Realizing the Children

Special Effects Notes
Depicting the children of Strange Seed and their abilities will be a challenge, but not impossible. Advances in effects techniques over the last few decades make the story easier to realize than ever before.
Here are some notes about possible approaches to the material.
Special Effect Number One: The Way the Children See
They focus so completely on the object of interest that the background becomes almost totally subdued. The object of interest is super-defined, almost glowing, bright white/yellow. For instance, when the child is in the bedroom alone, from his POV we see that the whole room is well-defined; and then when Rachel enters the room, the background, the room, becomes subdued, almost to black; when she begins to speak to him, his focus is on her face, on her mouth and her eyes, so the rest of her body becomes subdued.

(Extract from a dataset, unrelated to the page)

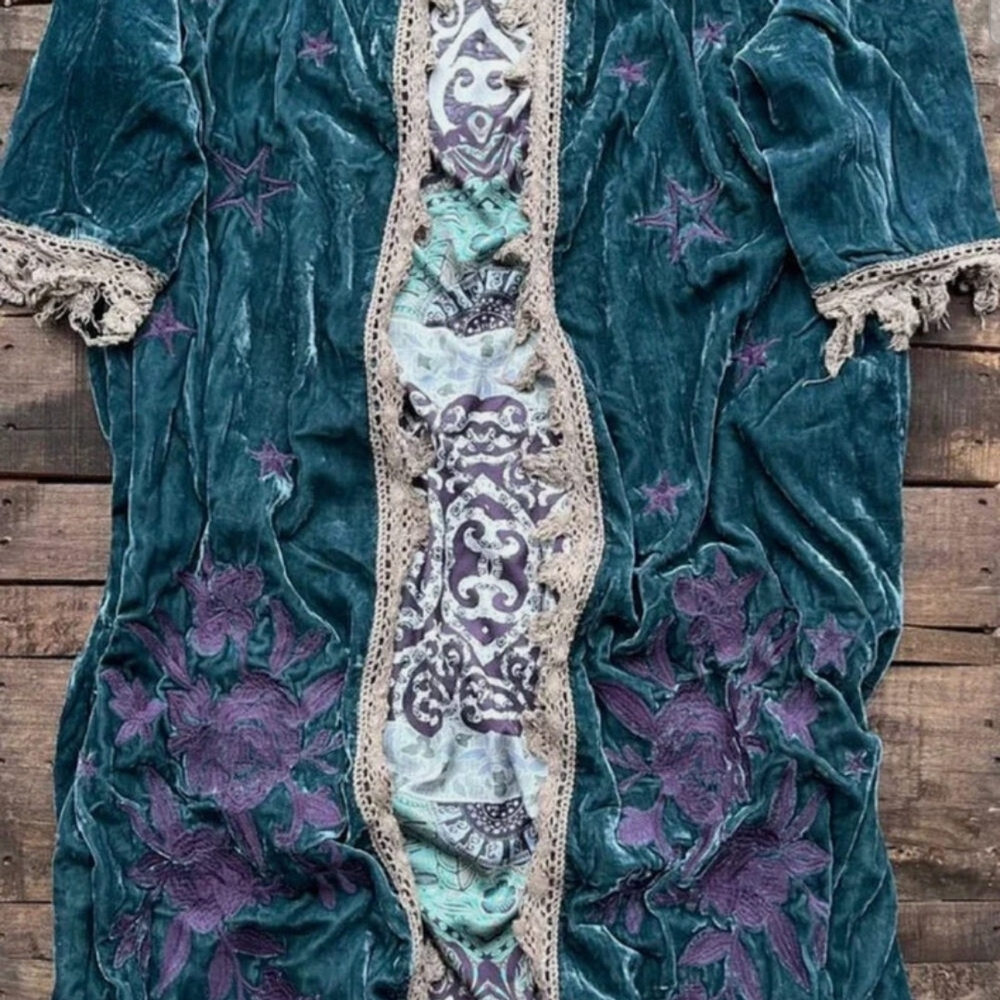 Velvet Embroidered Kimono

Special Effect Number Two: Their Hearing
They hear in much the same way that they see; they focus on the object of interest to the nearly total exclusion of all extraneous sounds (if they were us, and they visited a crowded restaurant, and there was a particularly juicy conversation going on across the room, they’d be able to focus on that conversation only, as if the people talking were the only people in the room). They do this by degrees. For instance, if they’re listening to a rabbit moving through the grass, and there are a number of other sounds – bumblebees, wind, birds, etc. – then those sounds are, one by one, erased from their field of hearing until they hear only the rabbit.
Special Effect Number Three: Camouflage
While standing still, they are able to blend almost totally with the background. For instance, in one scene, Rachel enters an upstairs room that the boy is in. There’s little light in the room, and this helps the boy’s camouflage abilities. Rachel crosses the room to the window and does not see the boy, though he’s huddled in a corner.
Special Effect Number Four: Mimicry
The children are able to mimic any sound. This ability is used in the screenplay quite minimally – i.e. the children mimic only the voices of Paul and Rachel. They have the ability, however, to imitate any sound – birds, rain, wind, whatever. As additional work is done on the screenplay, this ability could be used to great effect.
Where do they come from?
The children are products of the earth. They are not entirely vegetable or mineral or animal. They’re a mixture. They are a new species that the earth has produced.
When, in the novel Strange Seed, the phrase “their mother the earth” is used, it is literally true. The author assumes that all of the living things on the earth – from human beings to trees to raccoons to amoebas – were, originally, products of the earth. The children are simply a brand new product, and their motivation is to feed themselves, to find warmth, and to protect “their mother, the earth.”
They’ll eat anything that they can chew and swallow.
When they’re newly born from the earth, the children don’t have feelings, or emotions, but they can “learn” them if they’re allowed to grow and change into what look like human adults. And they “learn” feelings and emotions so they can live in harmony with human beings. It is a masquerade that works awfully well. (For instance, Rachel, the female protagonist in the screenplay and the novel, is not aware until it is nearly too late that the person she loves and trusts and lives with is not the person she thought he was – that, indeed he’s not a “person” at all.)
The general rule is that they survive until the winter’s cold kills them. But there are exceptions to every rule. The boy that the Griffins take in is only one of those exceptions.